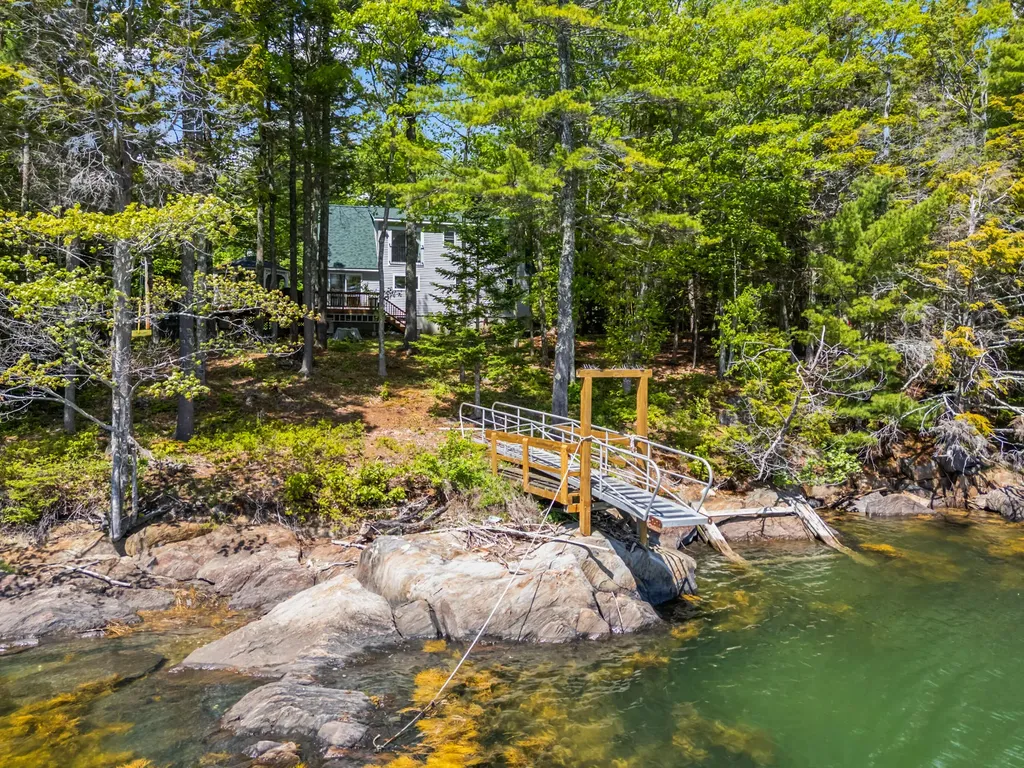 63 Laurel Shore Drive Harpswell ME 04079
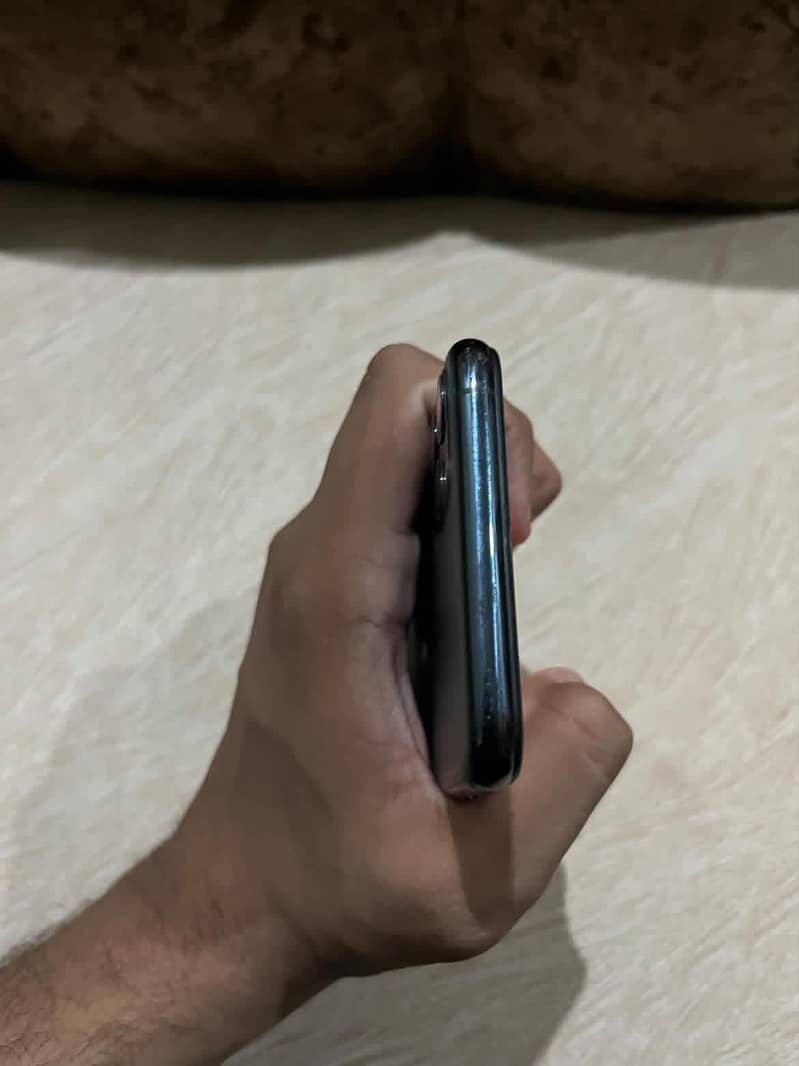 Apple iPhone 11 Pro Max 1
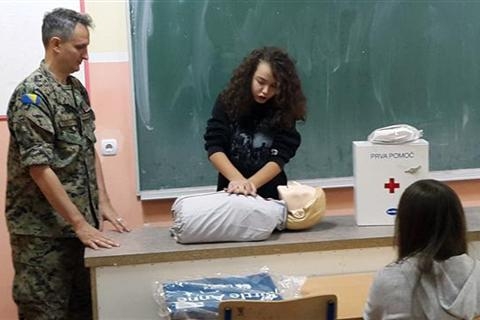 DOBOJ: Uručena pomagala iz prve pomoći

* [What is required]: Word for word, retype all of the data above, but include no pictures.

* [Output for this exercise]:
 63 Laurel Shore Drive Harpswell ME 04079
 Apple iPhone 11 Pro Max 1
 DOBOJ: Uručena pomagala iz prve pomoći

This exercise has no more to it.